Keywords: Universal Health coverage, DLHS-4, NFHS-4

How to cite this article:
Rath RS, Pathak VK, Goel A, Rizwan S A, Lohiya A. How far we are from achieving universal health coverage? A situational analysis and way forward for India. Indian J Community Fam Med 2018;4:16-23

How to cite this URL:
Rath RS, Pathak VK, Goel A, Rizwan S A, Lohiya A. How far we are from achieving universal health coverage? A situational analysis and way forward for India. Indian J Community Fam Med [serial online] 2018 [cited 2021 Jan 24];4:16-23. Available from: https://www.ijcfm.org/text.asp?2018/4/1/16/251342

  Introduction Top

Universal Health Coverage (UHC) which emerged in the World Health Assembly 2005 is defined as “The access to key promotive, preventive, curative and rehabilitative health interventions for all at an affordable cost, thereby achieving equity in access”.[1] UHC is an important prerequisite not only for attaining health related Sustainable Development Goals (SDG) but also for poverty reduction and economic growth.[2],[3] UHC has three main dimensions – universal population coverage by quality health care, providing universal range of comprehensive health services and universal financial protection towards health expenditure.[4] Each domain is stand alone and has equal impact on the universalization of health. India in 2010 constituted a High level Expert Group (HLEG) on Universal Health Coverage to formulate a framework for accessible & equitable, affordable & assured quality, comprehensive & appropriate healthcare system entitling every citizen to essential primary, secondary and tertiary health care services guaranteed by the government.[5] This HLEG planned to achieve UHC through increase in public health expenditure, reorientation of health care to primary health care system, health insurance and trained health care personals.

Recently, World Health Organization (WHO) has recommended types of indicators for tracking UHC - one related to health services and other to cost, with equity being the underlying components in both.[6] Health services indicators include both treatment and prevention. Although around 100 core indicators are available from this only thirteen indicators were selected. These indicators were related to maternal and child health, sanitation and hygiene, family planning, coverage of Non communicable disease, tuberculosis, Human Immunodeficiency Virus (HIV) treatment, cataract treatment and preventive chemotherapy against any Neglected Tropical Diseases.
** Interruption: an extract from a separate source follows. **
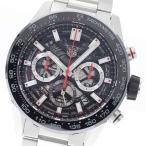 タグホイヤー TAG HEUER CBG2A10 カレラ キャリバーホイヤー02 クロノグラフ デイト 自動巻き メンズ 良品 _906007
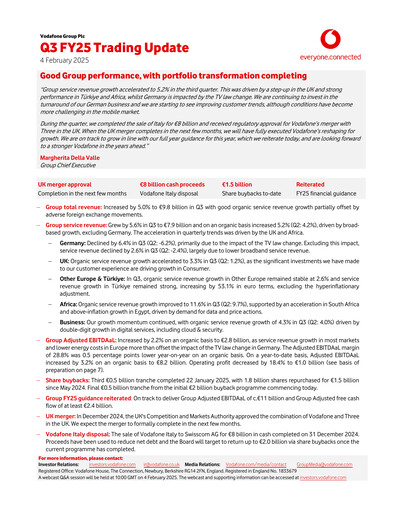 Thumbnail Vodafone Quarterly Report 2025-q3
WHO proposed at least 80% coverage for health service related components irrespective of the social and economic status.[6]

This study aims to review the current situation of Indian states and the country as a whole for Universal Health Coverage in light of the prescribed WHO health system tracer indicators.

  Material and Methods Top

This was a cross-sectional secondary data analysis conducted in year 2017. We searched for nationally representative data conducted on or before 2016. More specifically data related to the thirteen WHO UHC coverage indicators were the focus of the search. For this recent national surveys done in India were reviewed from government web portals.[7],[8],[9],[10],[11],[12],[13],[14] For each indicator a different source was searched if not available from a single survey. Those surveys which were not nationally representative or conducted after 2016 were excluded from the survey. We also reviewed the national report of the concerned ministry in case the indicators were not covered in the national surveys. If the indicators were not available from a single source, the numerator and denominators from different surveys or national reports (difference between the surveys being no less than five years apart) were used for calculation of the Indicator. In case of non-availability of state wise records, the survey data dissemination authority was contacted for providing data. If multiple national sources were available national surveys were given preference than the annual reports. If multiple national surveys were conducted, then the recent ones were selected. No state level indicators were included in this study.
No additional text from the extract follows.